I've looked at the Darwin sources, and here are some more details:
Internally, IOKit parses the string from the CFBundleVersion property
into a 32-bit integer value using a format very similar to (although
not exactly the same as) the Mac OS 9 'vers' resource structure.  See
<http://developer.apple.com/technotes/tn/tn1132.html> for details, but
the salient point is that the numeric part of the version uses
binary-coded decimal, with one byte for the major revision and another
byte shared between the minor and "bug revision" values.  For example,
1.2.9 is encoded as 0x0129.

Technically, you could encode 1.2.10 as 0x012A, but the function that
generates these values from the strings (VERS_parse_string() in
vers_rsrc.c) does not do this.  And, as Derrick points out, it
wouldn't help us for 1.2.16.

I've filed a bug with Apple about this (Problem ID #3282776), but even
if they fix it, it doesn't help with existing OS releases.

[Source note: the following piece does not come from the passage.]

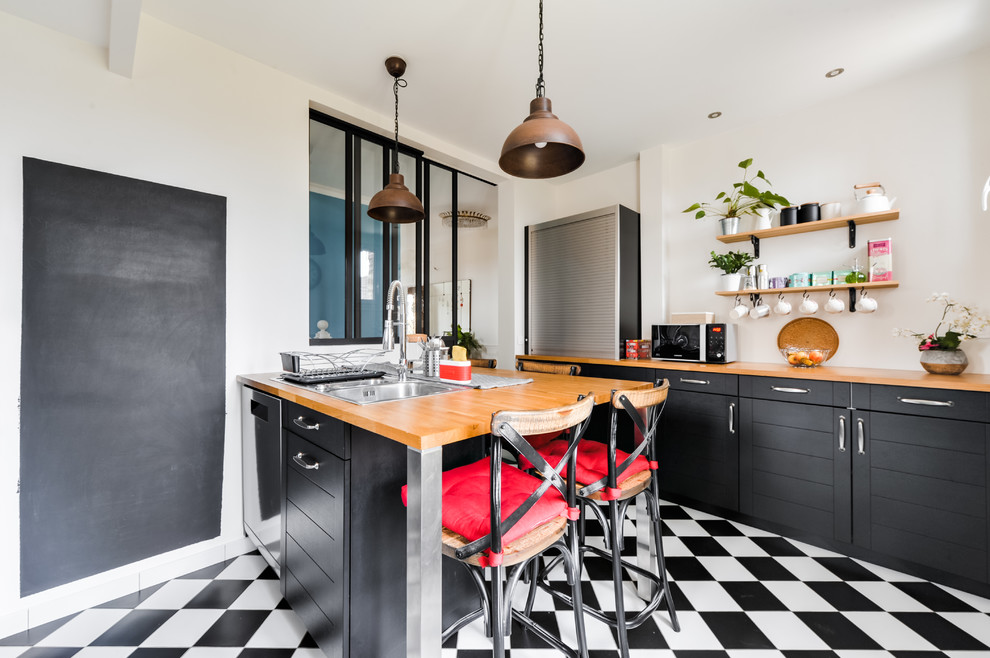 Design ideas for a mid-sized industrial galley separate kitchen in Paris with a double-bowl sink, black cabinets, wood benchtops, white splashback, a peninsula, shaker cabinets, subway tile splashback, stainless steel appliances, ceramic floors, black floor and brown benchtop.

The best I've been able to come up with is to use the 'revision level'
part of the version string to store the patchlevel instead of the 'bug
revision' part.  So instead of calling it "1.2.10", we could use
"1.2fc10".  The revision level can range from 1-255, so that would
work for some time.

This at least has the advantage that a human can look at "1.2fc10" and
understand that it bears some similarly to 1.2.10.  This is especially
relevant to us at Stanford, since part of our Mac OS X GUI displays
the OpenAFS revision to the user using the kernel extension version.
(Although we could easily change our code to look elsewhere.)

The one problem with this scheme is that 1.2fc10 encodes to
0x0120700A, while 1.2.9 (the current release) encodes as 0x01298000.
Darwin treats these as directly-comparable 32-bit integers when
looking at dependencies.  So if another kernel extension depends on
version "1.2.9" of OpenAFS, "1.2fc10" will not satisfy that
dependency.  Conversely, if an extension has a dependency on
"1.2fc10", that would be satisfied by "1.2.9" (or even "1.2.0").

However, I'm not aware of any other kernel extensions that depend on
OpenAFS, so this is probably our best bet, assuming it's possible to
write an autoconf macro to convert @VERSION@ into this format.